Niger Inter Magazine : L’autre grand rendez-vous diplomatique pour le Niger c’est incontestablement la tenue de l’UA-Niger 2019. Quelle est votre message particulier sur ce grand événement pour notre pays ?
Kalla Ankourao : Le Niger a eu l’insigne honneur d’être désigné pour abriter le 33ème sommet de l’UA en juillet 2019 avec comme principal point à l’ordre du jour le lancement de la zone de libre échange continentale africaine (ZLECAf). C’est un évènement inédit pour notre pays. Le message particulier du ministre des affaires étrangères du Niger que je suis est que tout le pays se mobilise pour réussir ce rendez-vous et engranger les dividendes découlant habituellement des grands évènements.

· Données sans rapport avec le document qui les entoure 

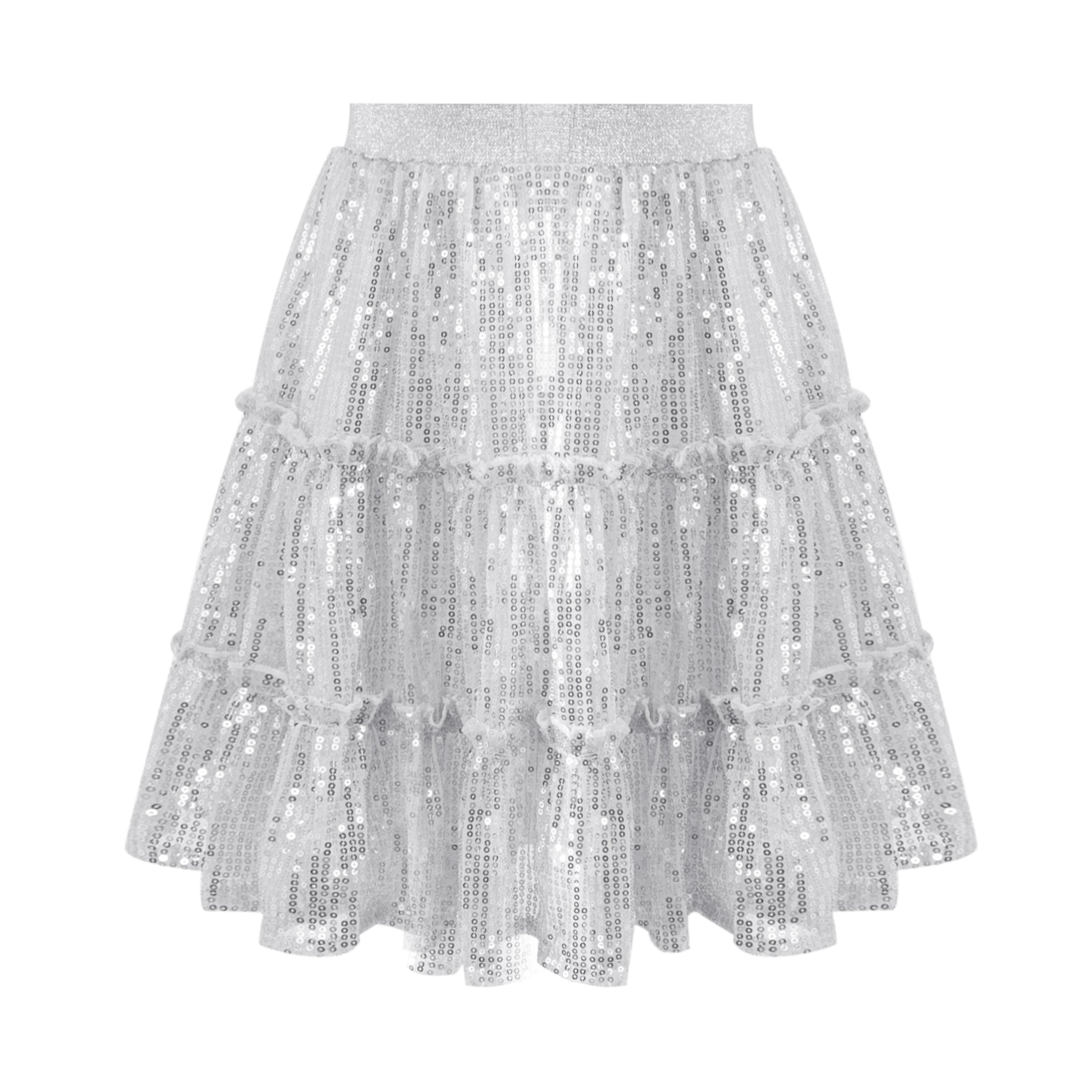 Rolanko Girls Sequin Sparkly Elastic Waist Summer Pleated Tulle Flowy Ruffle Skirts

Niger Inter Magazine : Quel est votre dernier mot ?
Kalla Ankourao : Le Niger est sans conteste un poids lourd en Afrique de l’ouest et dans la bande sahélienne. Il bénéficie de par le monde d’une crédibilité grandissante. Il faut que nous sachions en profiter et pour cela nous ne devons avoir aucune divergence quand il s’agit de grandes questions nationales, notamment les questions sécuritaires, diplomatiques ou électorales entre autres. Nous sommes bien placés pour le dire, car ça a été notre comportement pendant les 20 ans d’opposition que nous avons vécus. Il n’est pas inutile de rappeler que tout progrès enregistré par notre pays profite à toute la population nigérienne. Cette vérité doit nous convaincre tous qu’il faut savoir raison garder.